• Data for this exercise:
*** Block opens ***
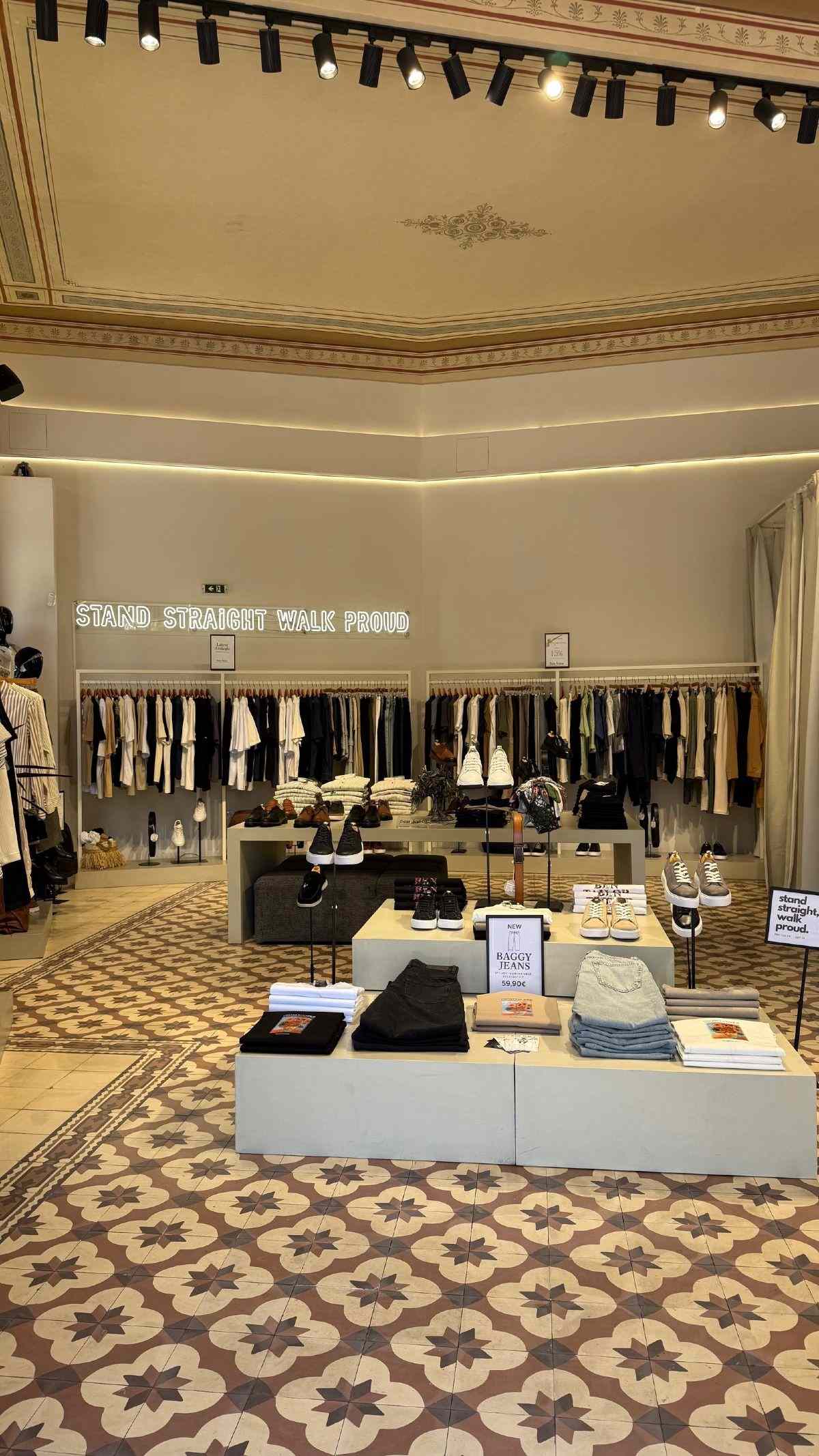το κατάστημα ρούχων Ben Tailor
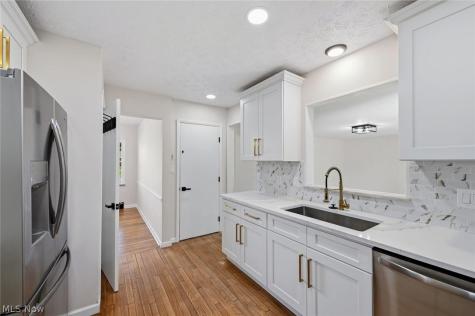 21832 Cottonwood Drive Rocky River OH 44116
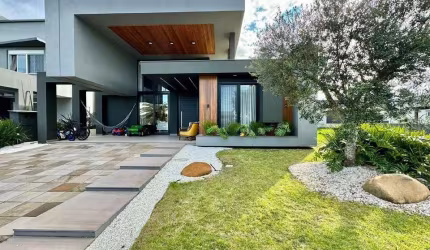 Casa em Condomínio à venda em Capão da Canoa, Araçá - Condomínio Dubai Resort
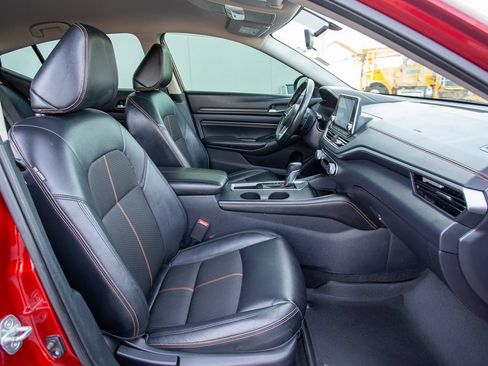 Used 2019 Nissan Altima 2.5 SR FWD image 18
*** Block closes ***
*** Block opens ***
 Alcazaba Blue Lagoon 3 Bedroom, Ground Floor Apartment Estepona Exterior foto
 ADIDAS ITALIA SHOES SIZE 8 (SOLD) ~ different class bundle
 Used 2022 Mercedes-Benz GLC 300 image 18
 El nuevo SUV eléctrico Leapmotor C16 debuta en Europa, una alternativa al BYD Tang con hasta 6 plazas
*** Block closes ***
*** Block opens ***
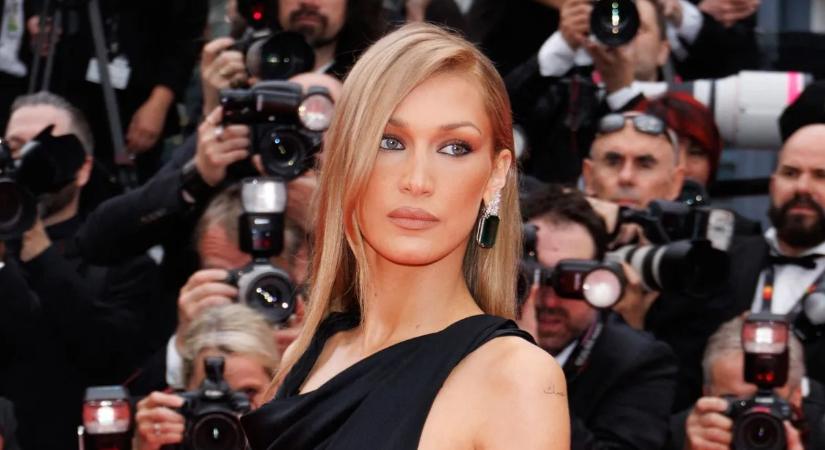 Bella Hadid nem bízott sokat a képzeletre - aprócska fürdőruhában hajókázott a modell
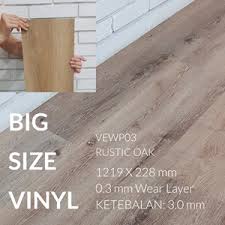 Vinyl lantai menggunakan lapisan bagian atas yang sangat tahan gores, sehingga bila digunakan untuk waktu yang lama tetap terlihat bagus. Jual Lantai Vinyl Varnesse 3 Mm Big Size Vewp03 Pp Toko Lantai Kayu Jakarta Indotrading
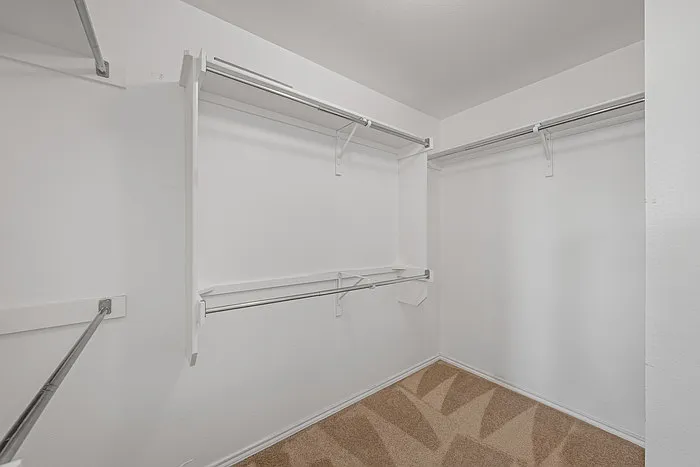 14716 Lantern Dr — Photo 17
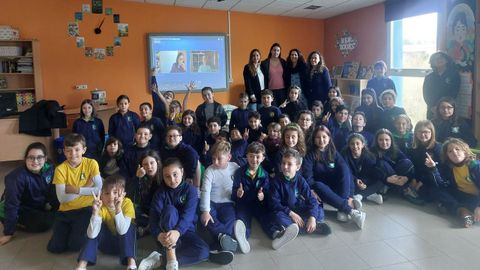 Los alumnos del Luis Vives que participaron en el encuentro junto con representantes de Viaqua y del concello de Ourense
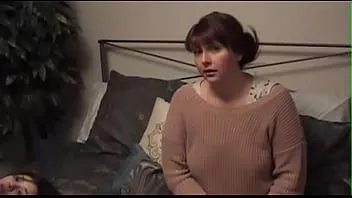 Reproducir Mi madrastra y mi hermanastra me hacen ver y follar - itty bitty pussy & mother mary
*** Block closes ***
• Work required:
Using the records above, print exactly the run of lines that starts with the line with "21832 Cottonwood Drive Rocky River OH 44116" and goes on through the line with "Used 2019 Nissan Altima 2.5 SR FWD image 18", pictures excluded.

• Exercise response:
 21832 Cottonwood Drive Rocky River OH 44116
 Casa em Condomínio à venda em Capão da Canoa, Araçá - Condomínio Dubai Resort
 Used 2019 Nissan Altima 2.5 SR FWD image 18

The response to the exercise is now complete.